O novo Governo da Argentina finalizou nesta segunda-feira um pacote de medidas de “emergência econômica, social e de saúde” para enfrentar a profunda crise do país, em virtual suspensão de pagamentos. As medidas, bem numerosas, vão de aumento de impostos a ajuda a pequenas empresas e programas de vacinação obrigatória. Viajar para o estrangeiro e comprar produtos no exterior ficará muito mais caro, a fim de proteger as minguadas reservas argentinas em dólares. O presidente Alberto Fernández espera que o Congresso, ao qual o Governo pediu “poderes especiais” para renegociar a dívida, aprove o pacote nesta semana mesmo.
Os ministérios de Buenos Aires trabalham contra o relógio. O peronismo sabia desde agosto, quando arrasou nas primárias, que venceria as eleições de 27 de outubro, mas esse tempo não parece ter sido suficiente para o preparo das medidas de emergência. O chefe de Gabinete (equivalente a um primeiro-ministro), Santiago Cafiero, explicou no domingo ao jornal Clarín que ainda estava “difícil saber algumas coisas”, como o estado do déficit fiscal, que o Governo anterior, de Mauricio Macri, estimava em 0,5% e que, segundo Cafiero, é superior.
A primeira medida foi publicada no sábado na forma de um decreto e afetou as exportações agrícolas, o principal mecanismo argentino de obtenção de divisas. O regime tributário estabelecido por Macri, que retinha quatro pesos por dólar exportado, foi cancelado e em seu lugar passou a vigorar um porcentual fixo de 9% para cada dólar. No caso da soja, o produto mais competitivo nos mercados internacionais, o 9% se soma aos 18% existentes, de modo que o total retido será de 27%. As organizações rurais protestaram e ameaçaram com mobilizações, não concretizadas ainda, pois aguardam uma reunião com o Governo. Cafiero explicou que não se tratava tanto de um aumento da carga tributária, mas de uma atualização após a forte desvalorização do peso, e insistiu na necessidade de que todos os setores façam um “esforço solidário”.
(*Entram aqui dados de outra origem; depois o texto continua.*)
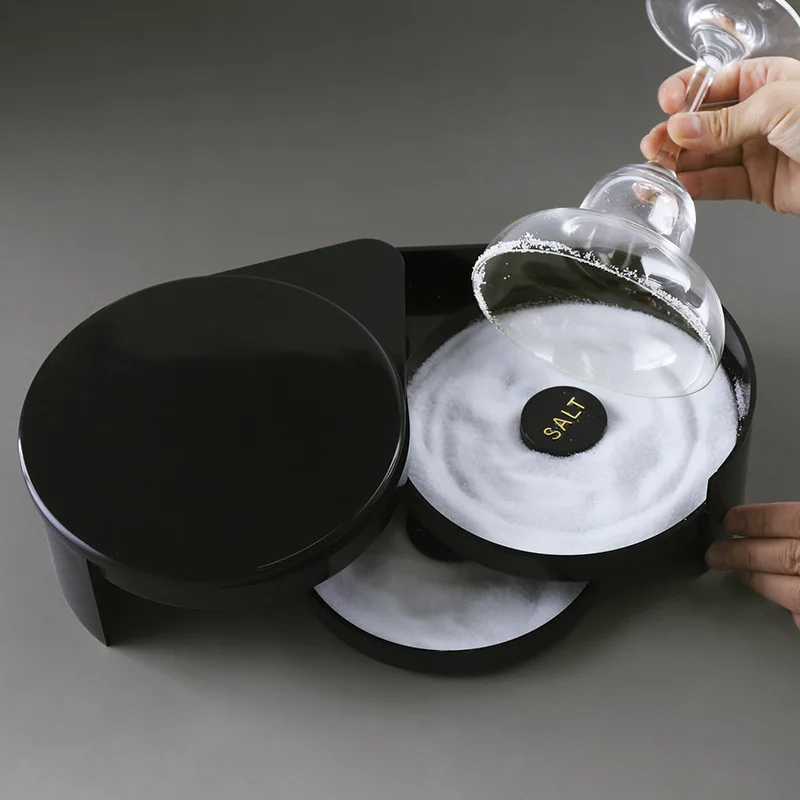 Meitian Plastic Condiment Caddy With 3-Trays Sugar And Salt Bar Glass Rimmer For Receptions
Entre as medidas propostas para proteger as reservas cambiais está uma sobretaxa de 30% nas compras realizadas com cartão de crédito no exterior. Na prática, isso significa um imposto extraordinário sobre viagens ao exterior (o encargo também se aplica à compra de viagens e contratação de hotéis). Além de captar recursos adicionais e reverter um saldo turístico bastante deficitário (quase 5 bilhões de dólares no vermelho, cerca de 20 bilhões de reais), a medida visa promover o turismo interno, que gera empregos temporários abundantes.
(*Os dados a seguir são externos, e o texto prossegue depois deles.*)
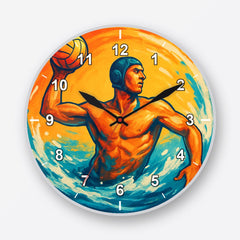 Water Polo Wall Clock My Wall Clock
O Governo também negocia com as províncias a suspensão do “consenso fiscal” estabelecido em 2017 com Macri, que implicava uma redução progressiva dos impostos locais. E se prevê ainda um aumento no imposto sobre propriedades pessoais, até agora fixado em uma alíquota entre 0,25% e 0,75% para patrimônios acima de dois milhões de pesos (cerca de 133.000 reais), com uma sobretaxa especial sobre bens no exterior. O imposto sobre a propriedade pessoal foi estabelecido em 1991 como uma medida estritamente temporária, mas nenhum Governo o aboliu.
No que diz respeito às empresas, será aplicado um imposto especial àquelas que fizerem saques em dinheiro (a meta é combater a economia informar, além de aumentar a arrecadação), mas haverá deduções para as que melhorarem o salário dos funcionários e será permitido às pequenas empresas o adiamento da devolução de créditos.
Como parte do pacote de medidas, o Governo pedirá ao Congresso que lhe conceda poderes extraordinários para renegociar a dívida contraída com o Fundo Monetário Internacional (44 bilhões de dólares, cerca de 177 bilhões de reais) e com detentores privados de títulos em dólares e pesos. O objetivo imediato é conseguir uma moratória nos pagamentos e estabelecer um cronograma de quitação da dívida para os próximos 20 anos.
O Governo de Alberto Fernández também pede poderes extraordinários para “refazer a estrutura tarifária” e suavizar, pelo menos parcialmente, os aumentos de até 1.600% aprovados pelo Governo anterior sobre as taxas de serviços como água, eletricidade e transporte. Isso implicaria ampliar os subsídios ao preço dos serviços públicos. As pessoas que recebem aposentadorias mais baixas teriam garantido o reembolso automático do IVA e um reajuste nos próximos seis meses.
À emergência alimentar, declarada nas últimas semanas do Governo Macri, será acrescida agora uma emergência na saúde destinada ao lançamento de programas de vacinação obrigatórios (estão aumentando os casos de doenças como o sarampo) e à ampliação de um sistema de centros médicos cooperativos.